Shopping for a new car can be an exhilarating experience. There is nothing like the promise of a smooth ride and new car smell to fully intoxicate car-shopper’s senses.
Aside from these new-car owner perks, consumers know that they can’t get something for nothing. The down side of having a new vehicle purchase is having to pay excessive auto loan rates, in addition to repaying the principal balance on a car loan.
One way to make the bitter pill of parting with your money easier to swallow is saving money on your auto loan rates by considering a few simple strategies that help you get the lowest auto loan rates available.
#1. Boost Your Credit Score
Before shopping for a large ticket item like a car and applying for a line of credit toward a loan, take the time to review your credit score. The simple fact is the higher your FICO score is, the lower the interest rates offered to you will be. Auto loans for bad credit customers are far from desirable, with some rates reaching upwards of 20% APR.
Addressing a lackluster credit history before submitting a car loan application will not only help you earn lower auto loan rates, it will also prevent your credit score from dropping lower due to a credit inquiry.
This process may take some time, depending on your credit history, but it’s well worth the effort. Borrowers with prime credit scores of 720 or more find greater savings into the hundreds or even thousands of dollars of the total cost of auto financing.
#2. Increase Your Down Payment
One of the best ways to save money on auto loan rates is to raise your anticipated down payment amount. Providing dealerships with more hard cash upfront reduces your liability as a high-risk borrowers, especially if you have bad credit.
The industry standard for a down payment is 20 percent of the purchase price. For example, if the car you’re interested in buying costs $25,000, a good down payment to offer is $5,000 — and the higher you can reasonably apply toward the down payment, the better.
A higher down payment gives you more leverage to negotiate for a low car loan rate, and also saves you money in the long run since the total interest charged on the principal loan balance will also be reduced as a result.

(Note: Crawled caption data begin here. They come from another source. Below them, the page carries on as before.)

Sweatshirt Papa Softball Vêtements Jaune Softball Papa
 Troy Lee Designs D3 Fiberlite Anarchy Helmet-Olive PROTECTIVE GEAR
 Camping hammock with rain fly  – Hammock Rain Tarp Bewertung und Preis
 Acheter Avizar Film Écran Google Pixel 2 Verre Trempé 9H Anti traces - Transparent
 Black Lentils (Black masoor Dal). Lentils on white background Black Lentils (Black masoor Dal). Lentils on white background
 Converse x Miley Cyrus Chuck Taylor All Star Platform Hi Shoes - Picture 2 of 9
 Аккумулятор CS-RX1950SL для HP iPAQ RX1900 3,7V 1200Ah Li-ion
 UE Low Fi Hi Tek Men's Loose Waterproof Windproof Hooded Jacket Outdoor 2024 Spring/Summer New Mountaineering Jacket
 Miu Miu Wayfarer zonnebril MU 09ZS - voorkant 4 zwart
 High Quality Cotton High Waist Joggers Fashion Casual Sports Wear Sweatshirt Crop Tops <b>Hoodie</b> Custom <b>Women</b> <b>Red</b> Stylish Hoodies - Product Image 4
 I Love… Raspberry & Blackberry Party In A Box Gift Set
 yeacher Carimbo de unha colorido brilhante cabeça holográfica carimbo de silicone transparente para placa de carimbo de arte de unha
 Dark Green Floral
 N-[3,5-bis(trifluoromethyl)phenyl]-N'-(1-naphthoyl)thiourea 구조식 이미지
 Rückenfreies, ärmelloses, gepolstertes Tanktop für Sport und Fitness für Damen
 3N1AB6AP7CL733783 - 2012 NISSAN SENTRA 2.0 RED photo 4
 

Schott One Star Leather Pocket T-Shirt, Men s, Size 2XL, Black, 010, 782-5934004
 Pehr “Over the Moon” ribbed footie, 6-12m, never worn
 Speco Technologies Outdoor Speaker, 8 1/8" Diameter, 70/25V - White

#3. Get a Pre-Approved Car Loan
Getting pre-approved for an auto loan prior to entering a dealership boosts borrower’s buying power instantly and reduces the pressure of being talked into exorbitant auto loan rates by the dealership’s financing manager.
Arming yourself with your own means of cash — either through a local bank or credit union whose loan rates are typically lower than commercial institutions — can help lower the overall costs associated with high interest rates.
However, this route requires you to shop around and do research ahead of time. For instance, you’ll need to know exactly what your monthly budget is, what you can afford, the car you’re interested in buying, and its average selling price.
The key point to remember is that you’re in no way limited to taking out auto loans from the financial institution you do your deposit banking with. Explore what smaller banks and nonprofit credit unions can offer you in terms of the most affordable auto loan rate and terms — chances are you’ll find a great deal compared to financing through a dealership.
#4. Lease a Vehicle
If after crunching the numbers and researching all your options you find that buying a new car is not financially sound for your particular situation, leasing a car may be a viable option.
Leasing a car means you’re not purchasing the vehicle, so payments and interest rates are typically lower compared to the cost associated with buying a new car.
This is also a beneficial option if you easily get bored of your vehicle. Leasing contracts are typically for about 2-3 year terms. At the end of the term, drivers are able to lease a newer vehicle after returning the previous car to the dealership.
#5. Refinance Existing Auto Loans
An auto loan refinance gives borrowers a second chance at getting affordable auto loan rates. If you already have an active auto loan, but were locked in to a high interest rate, you could save a considerable amount of cash by refinancing.
Ideally, you’ll want to refinance at a lower car loan rate to save money on accruing interest charges, however, this method can also be used as a way to reduce auto loan monthly payments by extending the auto loan’s repayment term (i.e. the number of years you have to repay the entire loan).
By employing these options, you can start chipping away at the cost of your auto loan, and start truly enjoying your new ride.